:: Exercise material
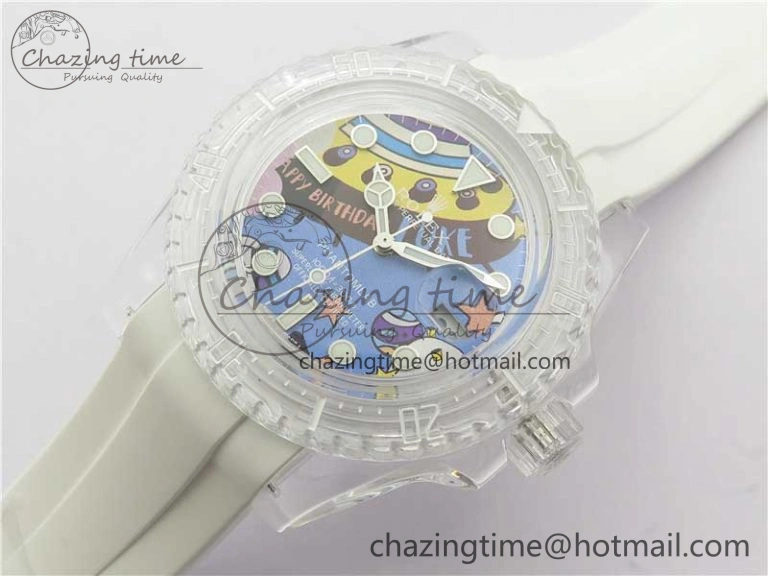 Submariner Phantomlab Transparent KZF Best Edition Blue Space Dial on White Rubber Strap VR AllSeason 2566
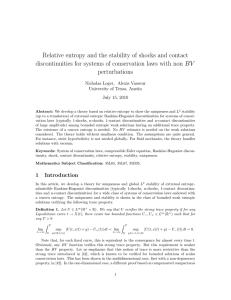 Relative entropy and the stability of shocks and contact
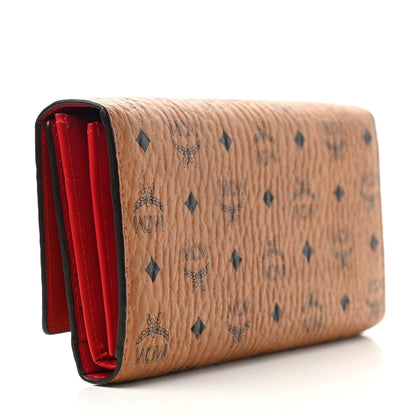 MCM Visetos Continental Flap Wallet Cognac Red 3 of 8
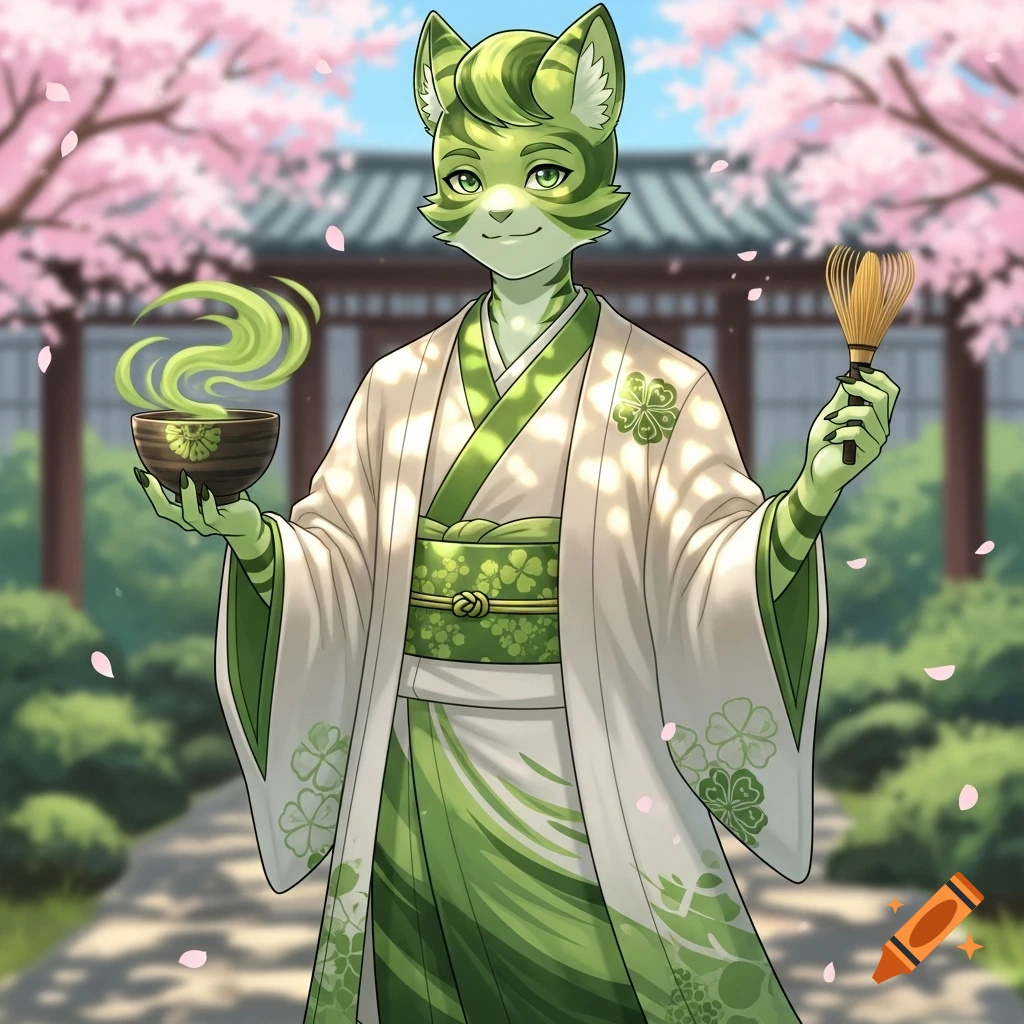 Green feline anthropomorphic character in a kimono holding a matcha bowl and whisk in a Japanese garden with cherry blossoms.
::::
:: Exercise material
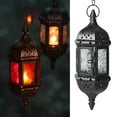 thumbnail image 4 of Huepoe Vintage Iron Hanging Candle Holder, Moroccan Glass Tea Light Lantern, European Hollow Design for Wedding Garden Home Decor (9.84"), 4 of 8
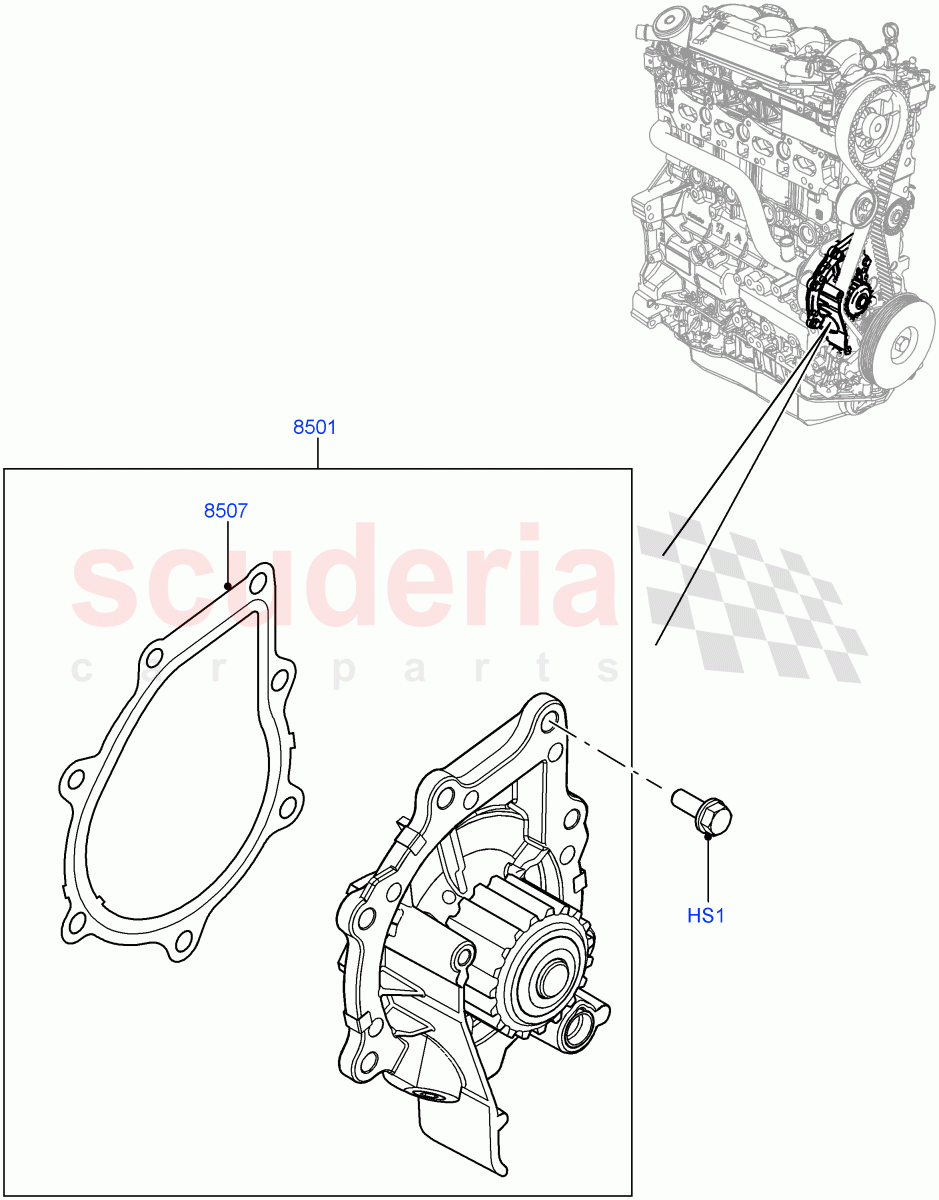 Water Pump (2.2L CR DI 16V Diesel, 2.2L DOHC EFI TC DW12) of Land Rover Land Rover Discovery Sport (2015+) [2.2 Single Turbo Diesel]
::::
:: Exercise material
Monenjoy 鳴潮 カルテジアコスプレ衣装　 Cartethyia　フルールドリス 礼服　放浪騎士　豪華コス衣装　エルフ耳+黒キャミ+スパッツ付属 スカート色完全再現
::::
> _Work item_: Above are records with pictures. Reproduce exactly only the lines from the line with "Submariner Phantomlab Transparent" through the line with "Green feline anthropomorphic", both ends included, and leave the pictures out.

> _Exercise output_:
 Submariner Phantomlab Transparent KZF Best Edition Blue Space Dial on White Rubber Strap VR AllSeason 2566
 Relative entropy and the stability of shocks and contact
 MCM Visetos Continental Flap Wallet Cognac Red 3 of 8
 Green feline anthropomorphic character in a kimono holding a matcha bowl and whisk in a Japanese garden with cherry blossoms.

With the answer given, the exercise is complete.